Entropy, Information, and the Curvature of Spacetime in the Informational Second Law

We develop an informational extension of spacetime thermodynamics in which local entropy production is coupled to spacetime curvature within an effective covariant framework. Spacetime is modeled as a continuum limit of finite-capacity information registers, giving rise to a coarse-grained entropy field whose gradients define an informational flux. Within a nonminimally coupled scalar–tensor formulation, the resulting field equations imply that the local divergence of this flux is sourced by the Ricci scalar, establishing a direct relation between curvature and entropy production. The corresponding integral form links cumulative entropy generation to the integrated spacetime curvature over a causal region.
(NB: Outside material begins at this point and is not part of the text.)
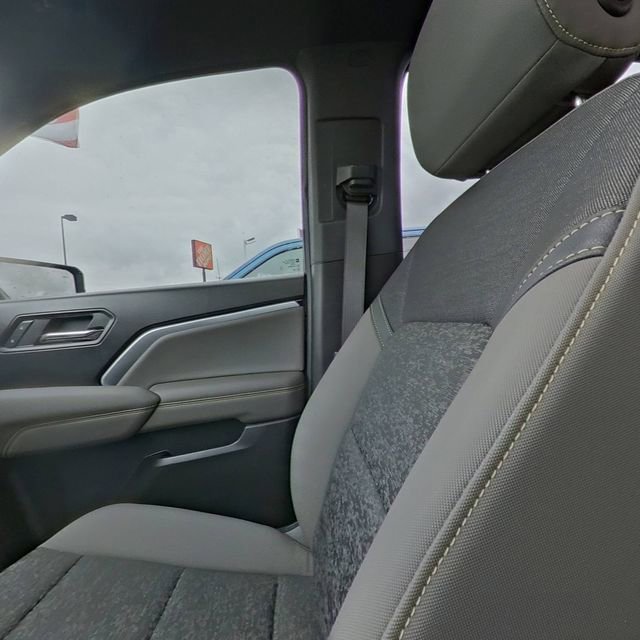 Used 2024 Chevrolet Colorado ZR2 w/ Technology Package AWD/4WD image 31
In stationary limits, the framework reproduces the Bekenstein–Hawking entropy of horizons, while in homogeneous expanding cosmologies it yields monotonic entropy growth consistent with the observed arrow of time. The construction remains compatible with unitarity at the microscopic level and with holographic entropy bounds in the stationary limit. Numerical solutions in flat FLRW backgrounds are used as consistency checks of the coupled evolution equations and confirm the expected curvature–entropy behavior across cosmological epochs. Overall, the results provide a thermodynamically consistent interpretation of curvature as a geometric source of irreversible information flow, without modifying the underlying gravitational field equations.